Lá estava o banco outra vez. De novo passando pela porta da loja de
departamento. E mais uma vez a sede da empresa de água e energia da Rua do
Meio. Talvez o homem soubesse que estava sendo seguido. Ou quem sabe ele
estivesse procurando alguma coisa.
“Isso é divertido, sabe?”, a engenheira ria. “Melhor do que
cuidar de doentes ou reconstruir casas. Sua rotina é sempre assim?” O
jornalista negou com a cabeça. Em geral, seus dias eram pacatos. Exceto quando
estava envolvido com o caso de Tábata. Nesta época, ele sentia como se
estivesse ficando louco.
Em determinado ponto da rua, havia uma barraquinha de
cachorro quente, onde o homem parou para comer. Apoiou os livros sobre o vidro
do balcão e comeu com calma, tomando uma lata de refrigerante. Cold Cola, mais
uma dessas marcas que só existem na Rua do Meio. Mário achou a cena curiosa. O
sujeito sombrio tomando uma bebida sem álcool. Definitivamente fora dos estereótipos.
O jornalista queria se aproximar e ouvir sobre o que o homem
falava com o vendedor de sanduíche, mas tinha medo de ser reconhecido. Não
sabia se o suspeito se lembrava dele naquela tarde na livraria do falecido
velho. Manteve a distância, um pouco escondido atrás da engenheira.
O homem de cabelos compridos finalmente terminou de comer.
Pagou, acenou para o vendedor e foi embora, deixando para trás os livros sobre
o balcão. Já estava a o que seria um quarteirão de distância quando Mário
finalmente resolveu agir. Andou apressado até o barraquinha para pegar os
exemplares. Talvez eles dessem alguma pista do que estava acontecendo, tivessem
alguma anotação. Quando estava praticamente com as mãos nos livros, amarrados
com uma corda antiga, o repórter quase caiu para trás. Eles simplesmente saíram
voando, na direção do suspeito. “Os ignorados estão mesmo com ele”, sussurrou o
jornalista.
Na porta de um prédio baixo, de três andares, um dos poucos
da rua, o sujeito parou. Ficou olhando a fachada até que os livros voadores
chegassem à sua mão. Em seguida, falou alguma coisa inaudível e entrou. Mário
ordenou que a engenheira aguardasse do lado de fora enquanto ele interpelava o
homem, mas ela não obedeceu. Os dois subiram os poucos degraus da entrada do
prédio e acharam o suspeito sentado atrás de uma grande escrivaninha, com os
pés para cima.
Com cautela, o jornalista pegou um pedaço de pau que estava
encostado em um canto e avançou. Pretendia deixar o homem desacordado,
amarrá-lo e só depois interrogá-lo. Seu plano caiu por terra quando algumas
armas voadoras foram apontadas em sua direção. Estava cercado por ignorados.
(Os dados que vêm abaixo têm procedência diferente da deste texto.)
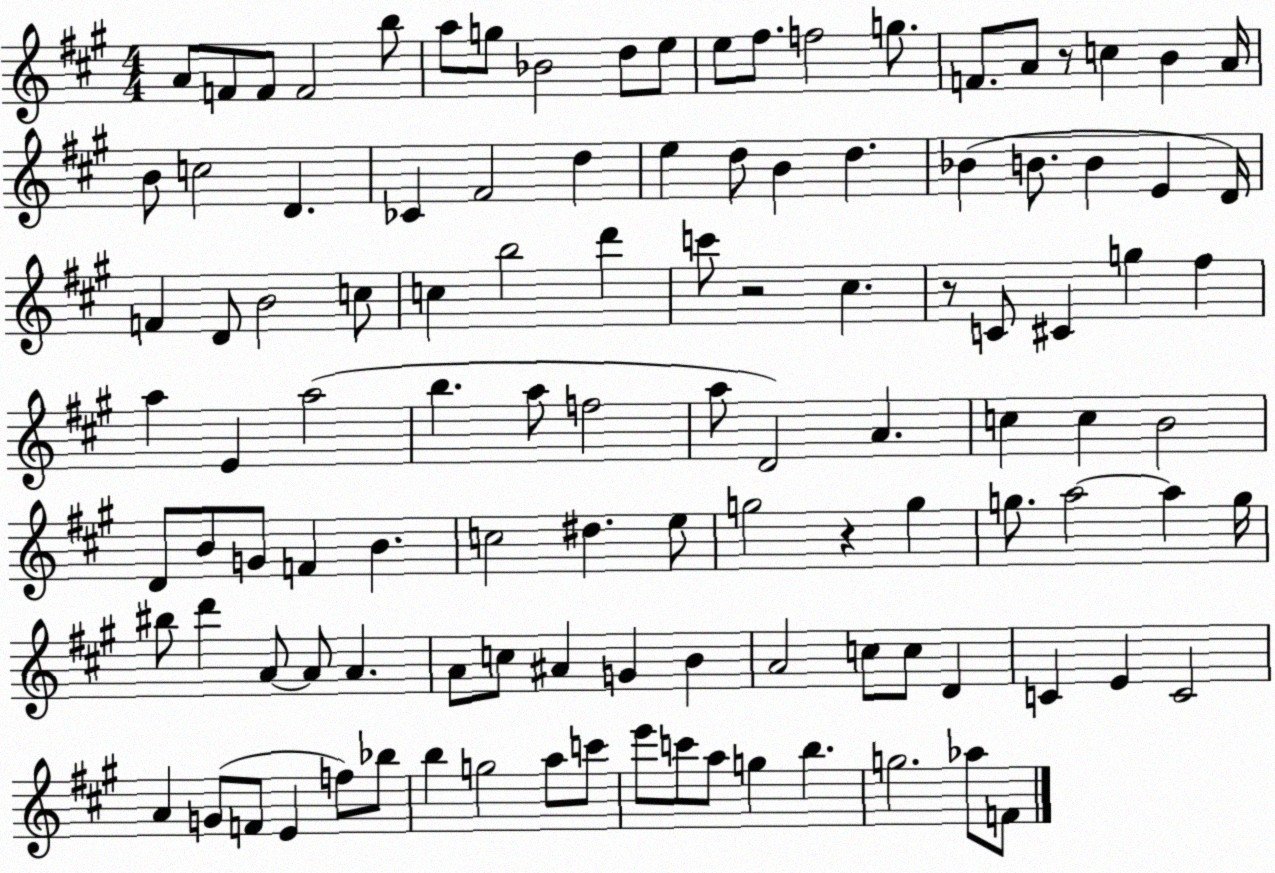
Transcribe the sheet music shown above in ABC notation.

“O senhor se incomodaria de largar este pedaço de pau”, o
cabeludo nem se dava ao trabalho de olhar para Mário e a engenheira. O
jornalista obedeceu, fazendo com que as armas – e os ignorados – se afastassem.
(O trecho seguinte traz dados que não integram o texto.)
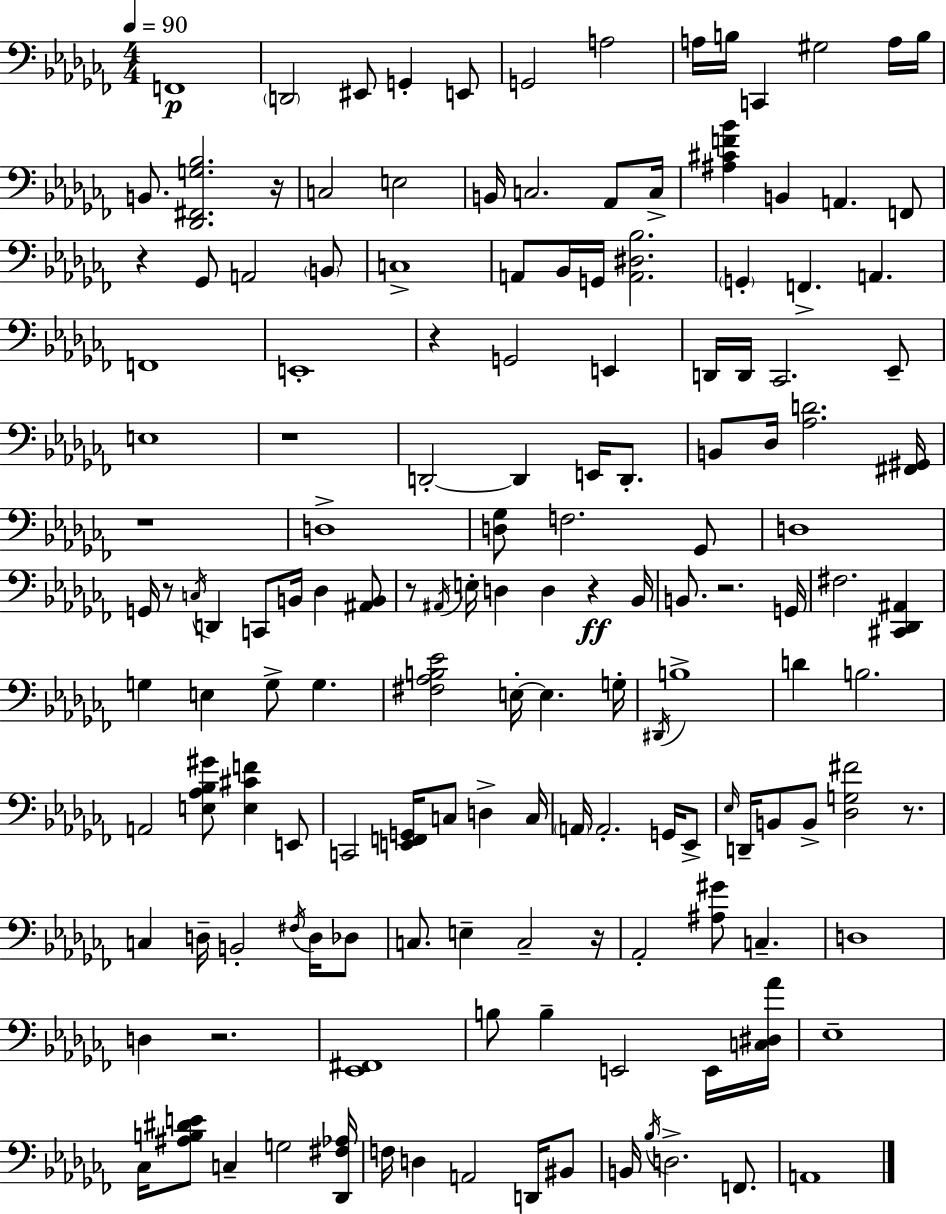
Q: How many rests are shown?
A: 12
“Quem é você?”, a mulher deixou a pergunta escapar.
O suspeito se levantou e apontou duas cadeiras para que
Mário e a engenheira se sentassem. “Ora, eu sou o xerife. Vocês não me
conhecem?”, o homem mostrava uma insígnia enferrujada que guardava na parte de
dentro da jaqueta. Os dois negaram. “O que querem?”
Mário apontou para os livros. “Queremos o que você e seus
homens roubaram da livraria da Rua do Meio”, disse o jornalista. “Você não sabe
do que está falando”, rebateu o xerife. “Eu estou salvando estes livros.”
O xerife puxou da gaveta um cachimbo e um pouco de fumo.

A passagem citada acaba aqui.